Archive for the ‘Code’ Category

Search engines

Tuesday, October 16th, 2007

Search engines are difficult creatures. (In case you didn’t know, Steven tells me I’m “working” on the search engine for the site.) With minimal work, he’d like the algorithmic engine and database to intuit what we meant — even if it isn’t what we asked. The engine, however, lacks a critical feature that disambiguates statements. Consider the queries “batman” and “val kilmer.” What should a search engine for movies return? Should “batman” return the Val Kilmer actor entry? Should “val kilmer” return the Batman movie entry? Maybe it should just return the phrase “worst batman ever.”

What do you expect? I would expect a search for “batman” to return a list of the Batman movies. Likewise, I would expect a search for “val kilmer” to return his actor page as one of a very small set of results. These results are comparable to going to your movie friend and asking about Batman and Val Kilmer. I like using the phrase Batman to test our search engine. One day, it surprised me and pulled up an actor. No, it wasn’t Val Kilmer, or even Michael Keaton. It was an actor named Batman. I was ready to scream! It was probably around 1am when this was happening, and it most likely meant that my initial database dump had some sort of irregularity that I was picking up in the parsing. So I looked through the raw files. The files showed that Batman really was there. So who is this guy?

IMDB comes to my rescue — http://www.imdb.com/name/nm2533507/

Batman indeed appears in a movie. I have never heard of this movie, but Batman stars in it. What happened here? The engine lacks cultural knowledge! We know of Batman because of the movie (or more likely, the comic) not because of the actor. So should the engine bias the results towards the movie? Such a bias raises troubling questions. As someone who works with data, I think the actor batman is the more interesting result, but it might not agree with what people expect. Therefore, the engine will end up biased towards what most people expect. It’d be better if the search engine really was a baby that we could train just like a person; that way, it’d have the cultural knowledge to answer queries appropriately. (Of course, treating it like a baby raises ethical issues with telling a baby about certain unmentionable movies .)
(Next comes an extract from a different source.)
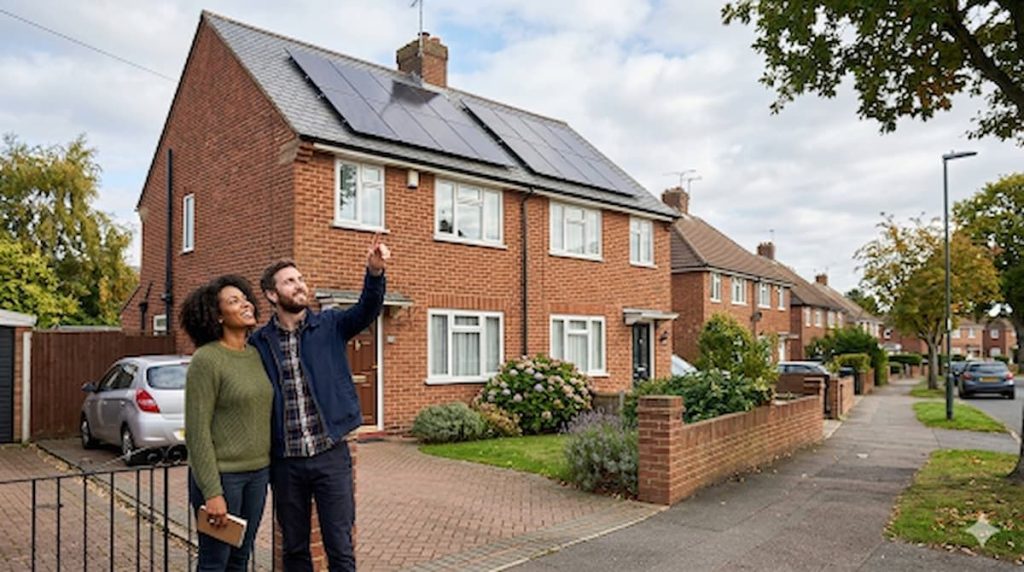 Older man pointing at solar panels on his council estate home in the UK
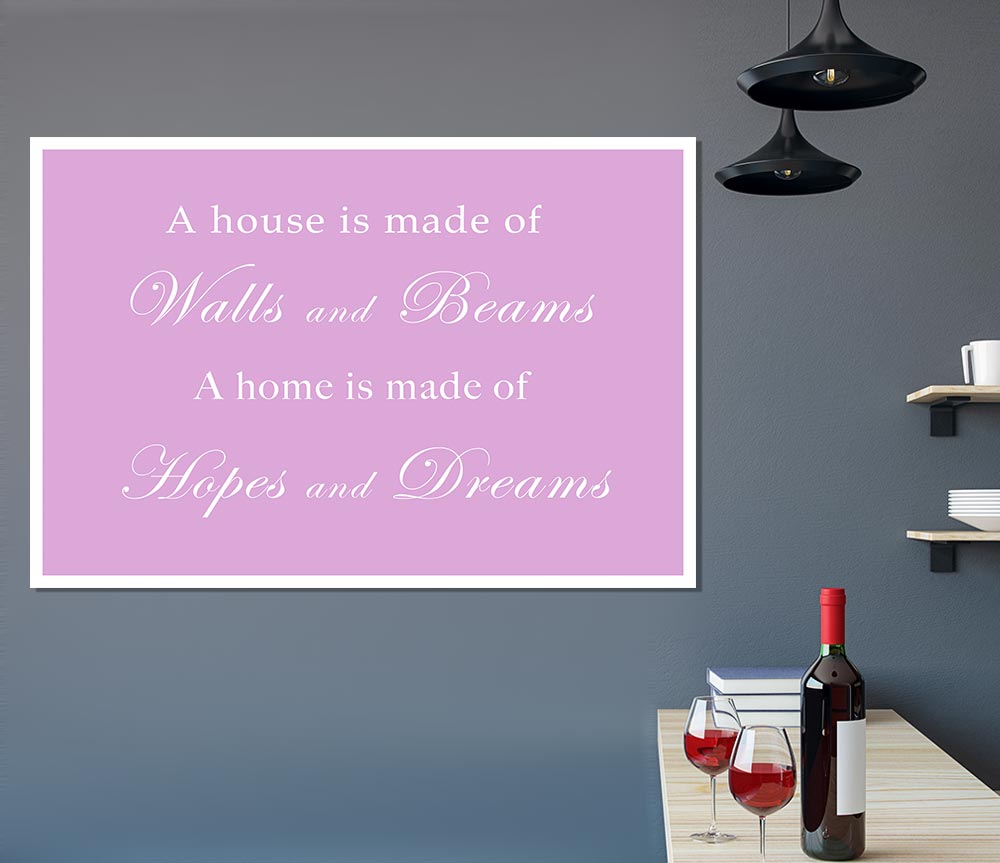 Home Quote Walls N Beams Hopes N Dreams Pink Print Poster Wall Art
I get distracted by code, and we have a new idea

Sunday, October 14th, 2007

I was actually going to write this yesterday, but I somehow ended up coding instead of blogging. This happens a lot, and not just with this project. Most of the time, I procrastinate by coding. It’s awesome because I get a lot accomplished this way, but also not so great because (as you might expect if you’ve read Josh’s previous post) I am falling behind in full-time recruiting and classes. Not that I should worry about recruiting, though - this would be an awesome company to work for. Classes, however, I’m not sure. I only have 11 units right now, and that’s including two tennis classes.

I think this past week has been somewhat of a revitalization of the project. Chris, Steven, and I came up with an interesting twist on what we’re doing on Sunday (a week ago). Over the several meetings we’ve had this week, the idea has been polished and refined, even in details of implementation and launch strategy. It’s defined pretty well now, and I think it really is a much better reflection of our vision than our original design. I can’t talk too much about it, but I can tell you that it requires a pretty significant revamp of the site’s design and a compressed timeline for some of the modules. Nonetheless, the whole team is (I think) really excited about this new development, and we’re working hard to bring it public.